Jandilla pone el broche a los encierros de San Fermín con una carrera vibrante y de máxima tensión
Los toros de Jandilla protagonizaron este martes el octavo y último encierro de los Sanfermines 2026, cerrando el ciclo con una carrera marcada por la velocidad, el peligro y varios momentos de enorme tensión que mantuvieron en vilo a corredores y espectadores desde el inicio hasta la entrada en la plaza.

Rubén Sánchez
Coordinador

Como es tradición, a las ocho de la mañana se abrieron los corrales de Santo Domingo tras el canto a San Fermín. La manada tomó pronto la cabeza del recorrido, avanzando a gran ritmo por las calles del casco viejo de Pamplona y confirmando la fama de una ganadería que históricamente ha destacado por la rapidez y el riesgo que imprime a sus encierros.
Los momentos de mayor emoción llegaron cuando algunos astados buscaron a los corredores con varios derrotes y embestidas, provocando caídas y escenas de gran peligro, especialmente en los tramos más concurridos del recorrido. A pesar de que la manada mantuvo un ritmo muy vivo, la carrera exigió la máxima atención a los mozos, que tuvieron que multiplicar esfuerzos para evitar ser alcanzados por unos toros que no regalaron un solo metro.
La ganadería extremeña de Jandilla, que cumplía su vigésimo quinta participación en los Sanfermines, volvió a hacer honor a su reputación. Los ejemplares desplazados hasta Pamplona, de imponente presencia y variados pelajes, completaron un encierro que quedará entre los más intensos de la presente edición y sirvió para poner el punto final a los tradicionales recorridos matinales de las fiestas.

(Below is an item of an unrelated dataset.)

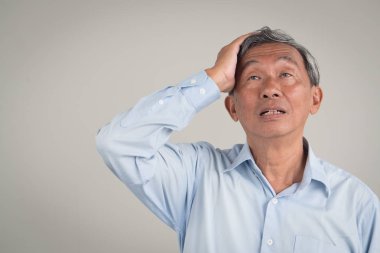 hasta vurguladı eski komuta sizde baş ağrısı, dizzyness, sinüs iltihabı, stres, Migren, alzheimer, parkinson hastalığı kavramı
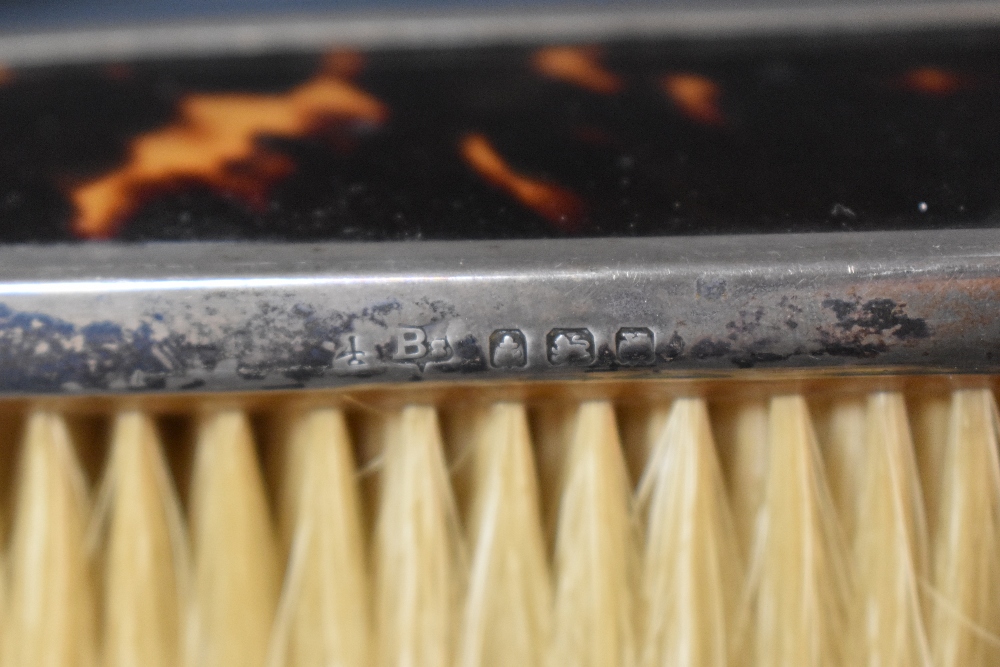 A George V silver and imitation tortoise shell dressing table set, comprising two hair brushes, - Image 5 of 8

Concluido el encierro, los seis toros quedaron preparados para la corrida vespertina en la Plaza de Toros de Pamplona, donde serán lidiados por Juan Ortega, Andrés Roca Rey y Tomás Rufo, en el festejo que cerrará la Feria del Toro 2026 antes del tradicional “Pobre de Mí”, acto que pondrá fin oficialmente a las fiestas de San Fermín.
Con este último encierro se baja el telón a ocho intensas jornadas en las que miles de corredores volvieron a desafiar cada mañana el recorrido pamplonés, manteniendo viva una de las tradiciones más emblemáticas y universales de la tauromaquia.